Malloy answered. “In her room. And boiling because Brady moved in with her.”
“And the others?”
“Arnold just went out to the kitchen. Domestic conference. Mrs. Henderson wanted to know how many for dinner. Watrous is lying down in his room says his head still bothers him — and Brooke’s in his, with Hunter on duty. Muller’s downstairs watching Lamb polish off the Scotch at that bar.”
“Very good. Do you mind if we see Rappourt in her room? And I’d appreciate it if Grimm would station himself on the sun deck outside and keep an eye on her window.”
It was Gavigan’s turn to look disconcerted now. But he shrugged and said, “Do that, Grimm.”
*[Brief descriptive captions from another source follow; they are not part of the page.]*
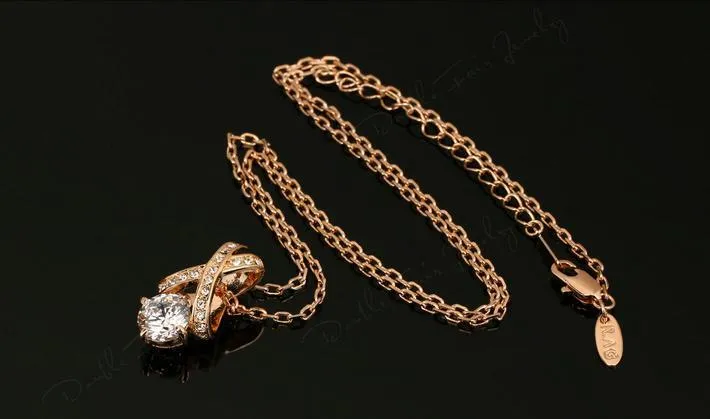 Crystal  Zircon Necklaces & Pendants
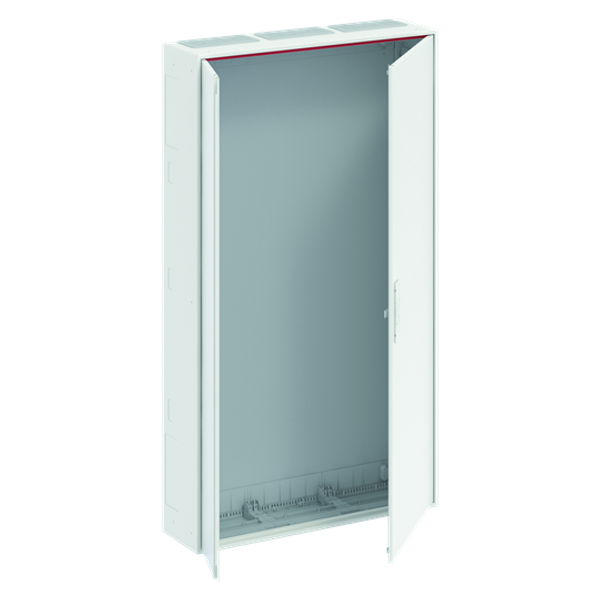 A39 ComfortLine A Wall-mounting cabinet, Surface mounted/recessed mounted/partially recessed mounted, 324 SU, Isolated (Class II), IP44, Field Width: 3, Rows: 9, 1400 mm x 800 mm x 215 mm image 2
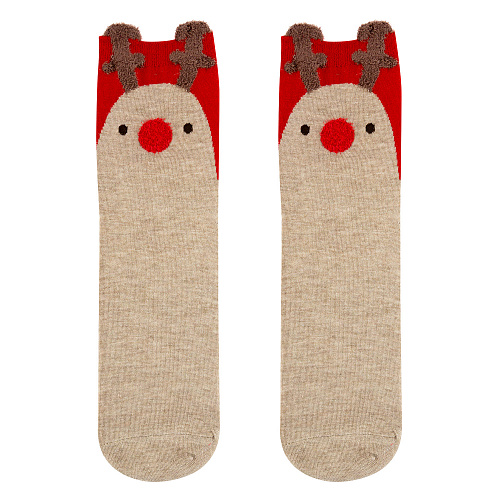 Носки олень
“And, Burt, you bring our friend, Mr. X.” Merlini started up the stairs. He reached Rappourt’s door first, pushed it open, and said, “Brady, will you station yourself in the hall here at this door, please?”
Brady, who was parked on the window seat with a newspaper, came forward quickly. Merlini stood aside and the rest of us filed in. Madame Rappourt sat in an easy chair as far from where Brady had been as she could get. She glowered at us and started to speak; but her mouth closed again, abruptly, without a word. Mr. X had entered.
“You know each other, I think?” Merlini said casually. Rappourt’s head started a negative motion, but Sandor burst out with a flood of what sounded like apologetic Hungarian. Rappourt’s black eyes snapped at him. Then she cut him off suddenly with a few biting phrases that I knew wouldn’t have been complimentary in any language.
Merlini didn’t give Gavigan a chance to take over. “That answers that question,” he said, his voice rising above its normal tones. “There is one other. You’re not going to like it at first, but I think you’ll answer it. As you can guess, we know how the footprints were made, and with whose help. We know what use you intended to put them to. We know that Watrous’s trick chair didn’t hinder your production of fraudulent psychic phenomena because there should have been two, with Brooke locked in the other. I know how the writing got on that slate. Instead of the more customary chalk, you used a well-sharpened slate pencil. Brooke did the writing by inserting the point through the loosely woven fabric of the bag. That accounts for the wobbly character of the writing. The sealing wax, the careful knotting and tying, and the signatures were merely so much misdirection on the general principle: Give the suckers so much to think about they can’t think straight. Also, we’ve found Floyd, and we know how he died. We know who moved his body and who, with a forged letter, tried to make it appear that he was still alive. We’ve found a suitcase full of 1779 guineas that are counterfeit and some very interesting Hussar relics that are genuine, but stolen. Do you have anything to say to all that?”